We don’t venture a whole lot out on our own without my hubby to drive us around but that doesn’t stop us from taking learning outdoors. After their weekday scooting/ playground time, we’ve been going round the sporadic patches of grass around our block looking for fallen leaves, flowers, twigs, fruits to collect. And we’d use those items, whichever we’ve picked that day for our learning.
For instance, last week we picked so many fruits on the ground! After playing some games with them (think games which we used to play during Physical Education class), we got down to some learning. First we practised how tally marks make counting easier (presenting her a real scenario to use what she had learnt in the Math U See curriculum we’re using), then we also put the fruits in groups of 3 and 5 (we’d collected 15 that day so it was quite perfect to illustrate that 3 groups of 5 = 5 groups of 3).
I drew 3 bowls on the floor using chalk and got the kids to place 5 into each ‘bowl’ first then I drew 5 bowls and got them to place 3 in each ‘bowl’. She was able to tell how much 3 groups of 5 would make because we’d covered skip counting by 5s but she wasn’t sure how many fruits there’d be if there were 5 groups of 3. It’s not so easy to understand but we’ll work on that! 😀
I certainly didn’t aim to collect that many fruits; neither did I plan to revise skip counting. But the situation presented itself, and I made use of it and I love the flexibility in the way we’re learning.
In my years of teaching, no matter which level I was teaching or which subject I was teaching, I’d say some of my best lessons were those that I hadn’t planned for. You never know what would happen in the classroom because something could have happened earlier in the day to the student/class and you might not be able to carry out what you had planned so you make the best of what you have and you think on the spot what you can do to keep the lesson going. I’ve found teaching young children to be the same – in fact even more challenging as you realise your ability to be flexible is taken to new heights. Take the cue and move the lesson in that direction.
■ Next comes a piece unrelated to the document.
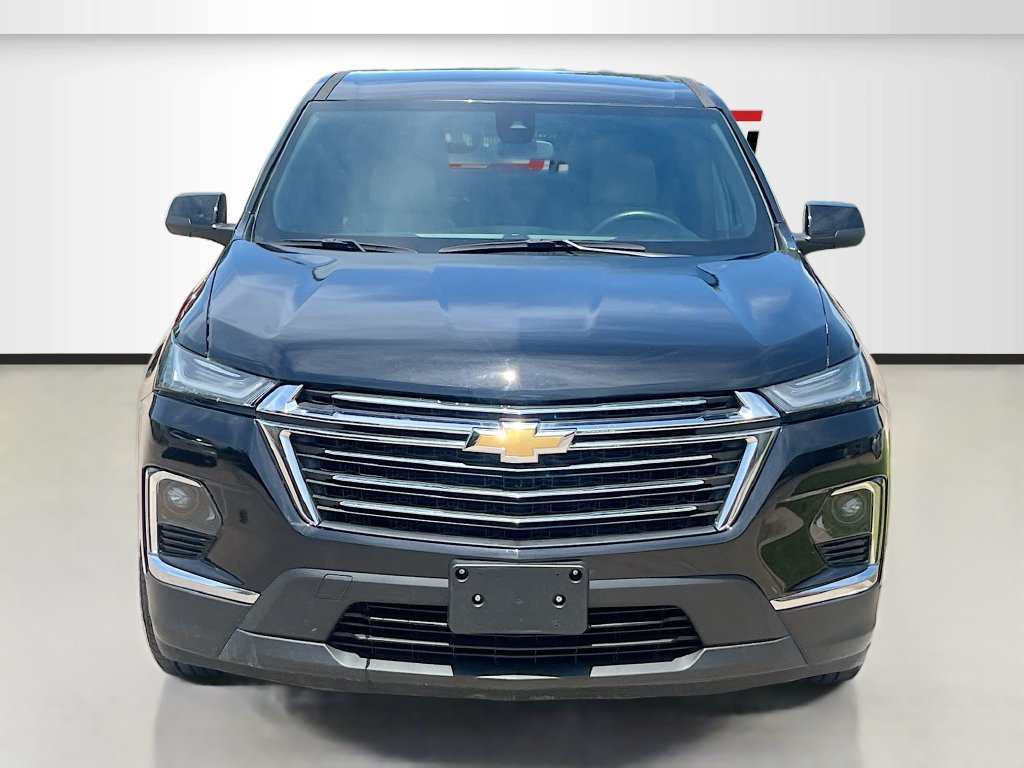 Used 2023 Chevrolet Traverse LS FWD image 2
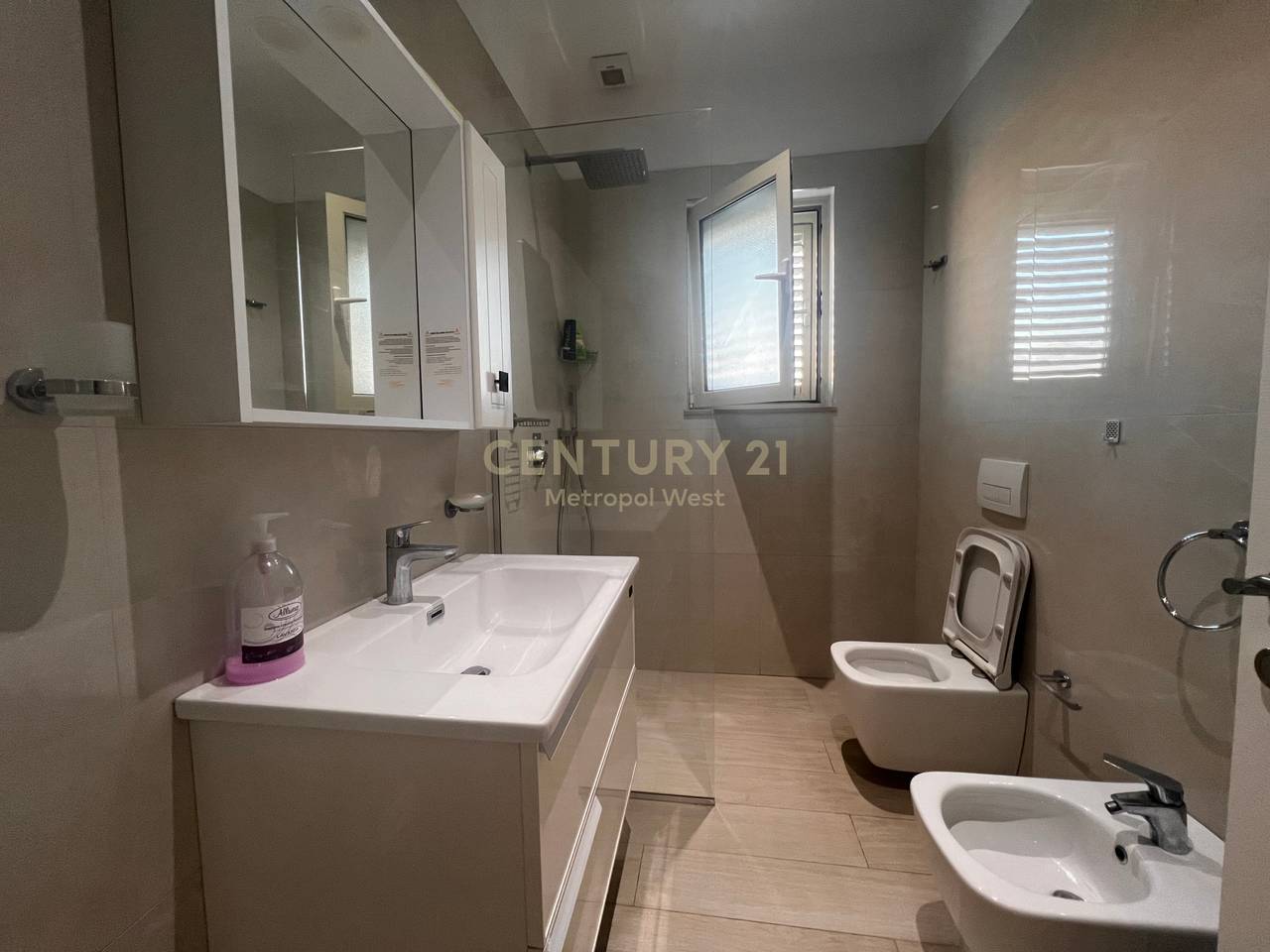 Apartament 2+1 për Qira, Fakulteti i Inxhinierisë!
During one of our walks, we discovered a mimosa plant near one of the trees and the kids had a blast just touching those leaves. Certainly, I didn’t expect to find the mimosa during the walk. In fact during our walks last year, there weren’t any.
Later during the same walk, my girl noticed a plant which seemingly had leaves that looked like those of the mimosa so she exclaimed that it was another mimosa plant, but why did the leaves not close up too, she asked. So we made an exception and plucked one of those leaves and brought it back to the mimosa for comparison and she practised her observation skills without even realising it. Once side by side, it was apparent and she immediately drew the conclusion that the leaves of the mimosa plant were (i) narrower and (ii) a darker shade of green.
Taking outdoors can be so fun and I shall be exploring more ways to integrate that into our homeschool!